Let’s get literal about fighting for a political office

Reading press accounts of the presidential debates, one can’t help noticing the profusion of pugilistic terminology:

‘Gloves are off…’ ‘Romney claims the first round…’ ‘Obama wins on points…’ ‘Romney draws first blood…’ ‘Obama came out swinging…’ ‘Romney lands the heavier punches…’ ‘Second round goes to Obama…’ ‘Neither man landed a knock-out punch…’ ‘Down but not out…’ ‘He beat his man to a punch…’

One reason for this verbal tendency must be the hacks’ general affection for clichés. Even those few of them who are capable of idiosyncratic self-expression seldom have enough time to look for the right word in the hectic conditions of political reportage. Clichés obviate the need to think for those who either can’t or have no time to do so, which is par for the course.

But why boxing clichés specifically? After all, the English language offers more chestnuts than you can find on a Paris pavement stall in autumn. Many of those, say those borrowed from card games, could do the job just as effectively. Yet we seldom see phrases like ‘Obama plays his trump card’, ‘Romney pulls out his ace in the hole’, ‘Foreign policy is Obama’s long suit,’ ‘Romney cashes in his chips,’ ‘Obama calls a spade a spade…’ Well, perhaps not this one. But there are many others to choose from.

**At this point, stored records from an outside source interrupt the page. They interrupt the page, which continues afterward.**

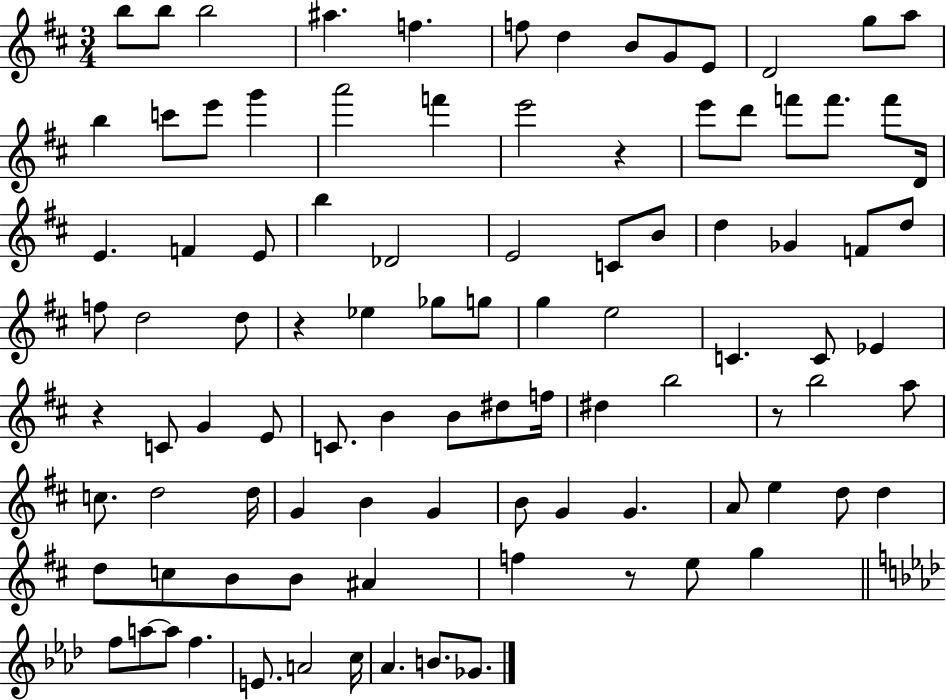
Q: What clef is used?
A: treble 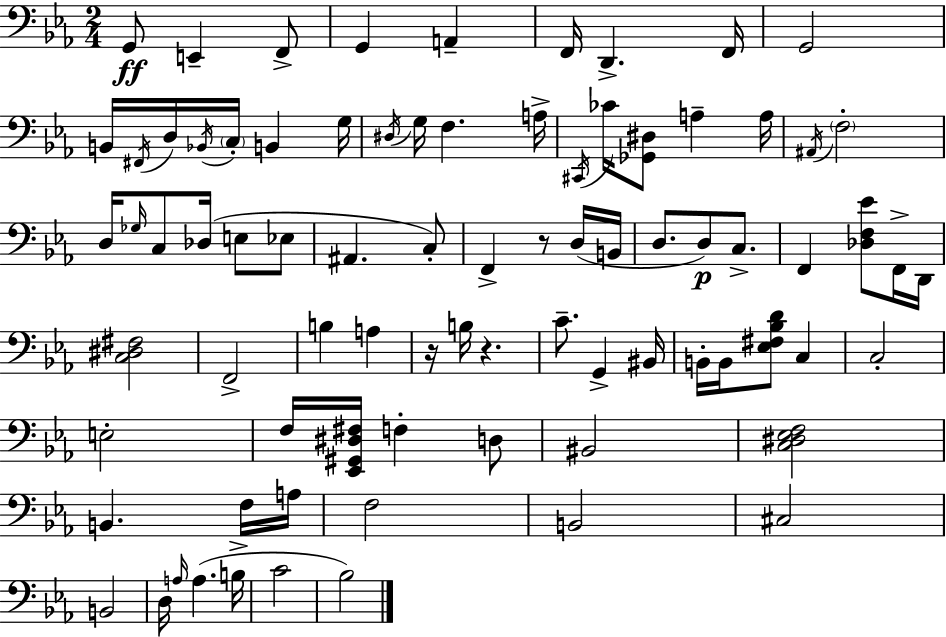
{
  \clef bass
  \numericTimeSignature
  \time 2/4
  \key c \minor
  g,8\ff e,4-- f,8-> | g,4 a,4-- | f,16 d,4.-> f,16 | g,2 | \break b,16 \acciaccatura { fis,16 } d16 \acciaccatura { bes,16 } \parenthesize c16-. b,4 | g16 \acciaccatura { dis16 } g16 f4. | a16-> \acciaccatura { cis,16 } ces'16 <ges, dis>8 a4-- | a16 \acciaccatura { ais,16 } \parenthesize f2-. | \break d16 \grace { ges16 } c8 | des16( e8 ees8 ais,4. | c8-.) f,4-> | r8 d16( b,16 d8. | \break d8\p) c8.-> f,4 | <des f ees'>8 f,16-> d,16 <c dis fis>2 | f,2-> | b4 | \break a4 r16 b16 | r4. c'8.-- | g,4-> bis,16 b,16-. b,16 | <ees fis bes d'>8 c4 c2-. | \break e2-. | f16 <ees, gis, dis fis>16 | f4-. d8 bis,2 | <c dis ees f>2 | \break b,4. | f16 a16 f2 | b,2 | cis2 | \break b,2 | d16 \grace { a16 }( | a4. b16-> c'2 | bes2) | \break \bar "|."
} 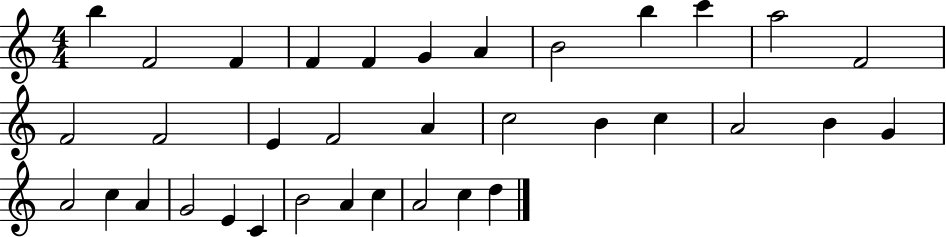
X:1
T:Untitled
M:4/4
L:1/4
K:C
b F2 F F F G A B2 b c' a2 F2 F2 F2 E F2 A c2 B c A2 B G A2 c A G2 E C B2 A c A2 c d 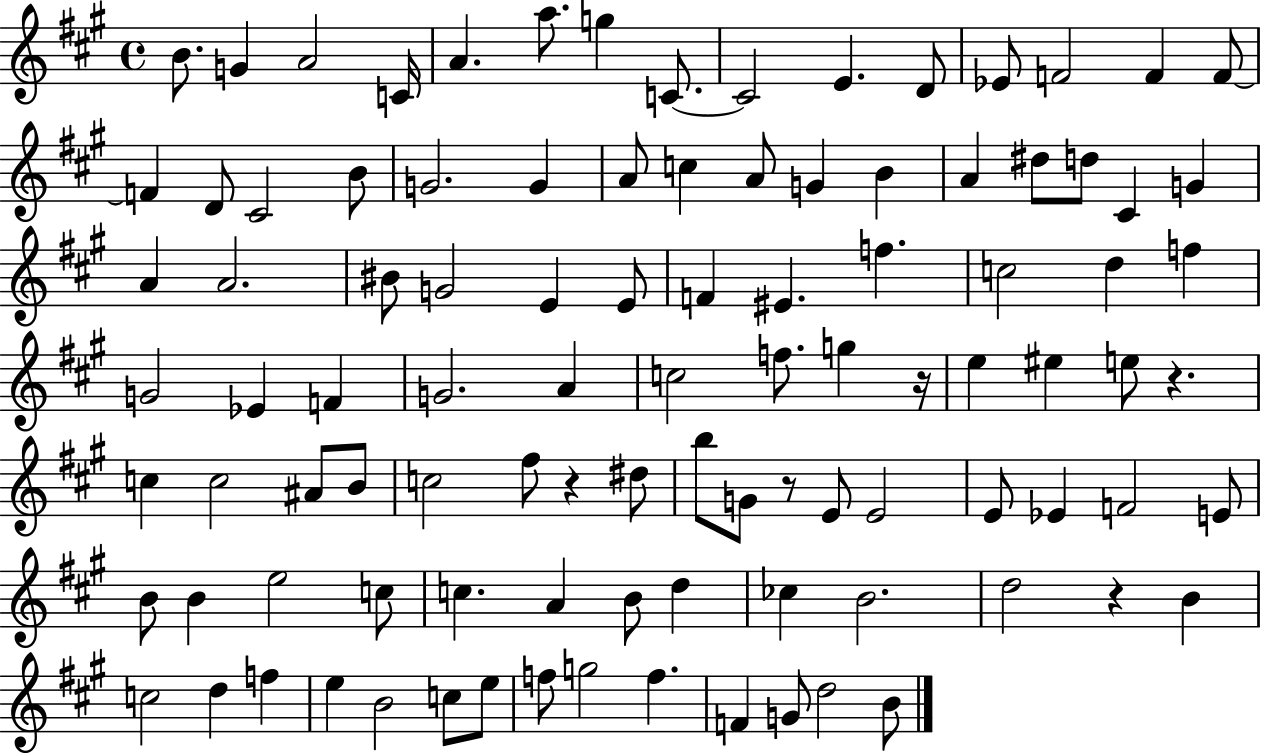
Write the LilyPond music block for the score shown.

{
  \clef treble
  \time 4/4
  \defaultTimeSignature
  \key a \major
  b'8. g'4 a'2 c'16 | a'4. a''8. g''4 c'8.~~ | c'2 e'4. d'8 | ees'8 f'2 f'4 f'8~~ | \break f'4 d'8 cis'2 b'8 | g'2. g'4 | a'8 c''4 a'8 g'4 b'4 | a'4 dis''8 d''8 cis'4 g'4 | \break a'4 a'2. | bis'8 g'2 e'4 e'8 | f'4 eis'4. f''4. | c''2 d''4 f''4 | \break g'2 ees'4 f'4 | g'2. a'4 | c''2 f''8. g''4 r16 | e''4 eis''4 e''8 r4. | \break c''4 c''2 ais'8 b'8 | c''2 fis''8 r4 dis''8 | b''8 g'8 r8 e'8 e'2 | e'8 ees'4 f'2 e'8 | \break b'8 b'4 e''2 c''8 | c''4. a'4 b'8 d''4 | ces''4 b'2. | d''2 r4 b'4 | \break c''2 d''4 f''4 | e''4 b'2 c''8 e''8 | f''8 g''2 f''4. | f'4 g'8 d''2 b'8 | \break \bar "|."
} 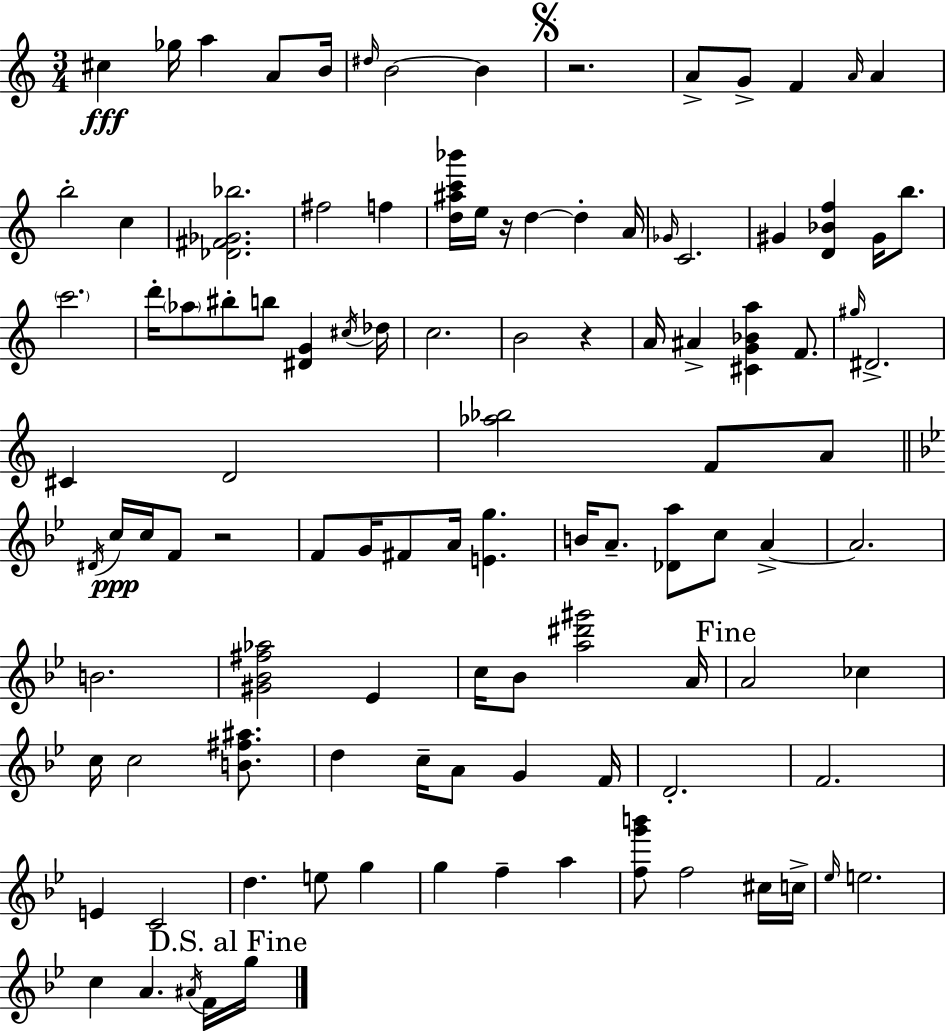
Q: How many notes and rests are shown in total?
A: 107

These are admittedly less dynamic than the fighting ones, but then neither are they as graphic in evoking black eyes, smashed eyebrows, broken noses or ruptured spleens. Yet all one hears is boxing analogies in every blow-by-blow account of two heavy hitters refusing to pull their punches until one of them takes it on the chin and either goes down for the count or is saved by the bell.

I don’t mean to indulge in homespun psychoanalysis, but there has to be a deeper meaning there somewhere. Could it be an innate yet unwitting nostalgia for the dawn of history, when conflicts between two tribes would begin, and often end, with a mano-a-mano combat between the two chieftains? And could this subconscious yearning be reinforced by a very rational realisation that verbal sparring between two candidates is a grossly inadequate way of deciding which one would make the better president?

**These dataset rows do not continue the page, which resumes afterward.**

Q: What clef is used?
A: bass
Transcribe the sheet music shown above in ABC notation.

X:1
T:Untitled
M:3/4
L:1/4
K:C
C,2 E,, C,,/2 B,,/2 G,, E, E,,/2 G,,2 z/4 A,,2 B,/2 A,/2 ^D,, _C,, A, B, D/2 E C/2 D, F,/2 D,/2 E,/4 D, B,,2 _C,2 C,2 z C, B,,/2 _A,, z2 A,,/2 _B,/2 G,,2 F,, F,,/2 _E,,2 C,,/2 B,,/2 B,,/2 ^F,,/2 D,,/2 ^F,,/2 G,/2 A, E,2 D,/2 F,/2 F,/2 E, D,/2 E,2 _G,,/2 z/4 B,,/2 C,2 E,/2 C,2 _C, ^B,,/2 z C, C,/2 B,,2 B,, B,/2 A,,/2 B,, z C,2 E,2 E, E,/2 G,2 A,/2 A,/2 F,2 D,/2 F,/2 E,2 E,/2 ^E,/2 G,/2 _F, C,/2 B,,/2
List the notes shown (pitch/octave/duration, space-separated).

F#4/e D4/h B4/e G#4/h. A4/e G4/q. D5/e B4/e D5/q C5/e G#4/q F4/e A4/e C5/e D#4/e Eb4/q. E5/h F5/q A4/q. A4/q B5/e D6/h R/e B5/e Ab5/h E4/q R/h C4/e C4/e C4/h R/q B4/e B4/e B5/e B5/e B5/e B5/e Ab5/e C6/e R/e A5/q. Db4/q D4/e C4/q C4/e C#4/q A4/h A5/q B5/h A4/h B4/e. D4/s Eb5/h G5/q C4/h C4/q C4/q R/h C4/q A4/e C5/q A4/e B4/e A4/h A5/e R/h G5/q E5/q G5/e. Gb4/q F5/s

This is just speculation on my part, but perhaps staging real punch-ups is what both the pundits and the public are really craving. They just may realise that we’d learn more about a man’s suitability for leadership from his ability to throw and take a good left hook than from his knack at out-shouting people. True enough, a boxing bout says more about a man’s character than his intellect, but I for one would be reluctant to insist that, when it comes to leadership, the latter is more important than the former.

And wouldn’t women, to name one obvious group, be more likely to vote for a man with strong muscles than for one with strong vocal chords? Wouldn’t men more readily identify with a candidate who rolls with the punches on the ropes, rather than on a debating platform? I think we’re on to something here and, if this would mean redesigning the electoral process in most Western countries, then so much the better. You don’t really think that the present system unfailingly elevates to government those fit to govern, do you?

Thus, step by step, we’ve achieved a symbiosis of reason and intuition so beloved of scholastic philosophers. All that remains is converting it into a practical proposal, which in this instance is self-evident.

Western democracies should replace televised debates with Marquess of Queensberry bouts between the two aspiring candidates. This would offer marginally better chances of selecting the right man for the job than drawing names at random from a phone directory – and infinitely better ones than those afforded by the existing system.

Of course there are technical details to be ironed out, as there always are with any radical departure from the beaten track. But the task isn’t insurmountable.

First, the leading parties should have a statutory obligation to select candidates no further than one weight class apart, say welterweight to middleweight. You might object that even under such eminently fair conditions, the parties would be tempted to nominate only young men, and you’d be right. But all Western democracies are in any case moving that way – just look at some of our MPs, those barely old enough to vote for themselves.

Second, both the mandatory eight-count and the three-knockdown rule must be suspended. The fight should go on until one of the candidates is either knocked out or throws in the towel. We don’t want any namby-pamby let-offs: we need to find out what the contestants are really made of.

Third, stamina being as important for a leader as brawn, the fights must have no round breaks. The fights should go the distance until one of the candidates is out for the count.

In this world we aren’t blessed with perfection. Hence I don’t claim that the proposed system ought to be held up to such a lofty standard – only that it would be better than the existing travesty of an electoral process. I think it should get a unanimous decision.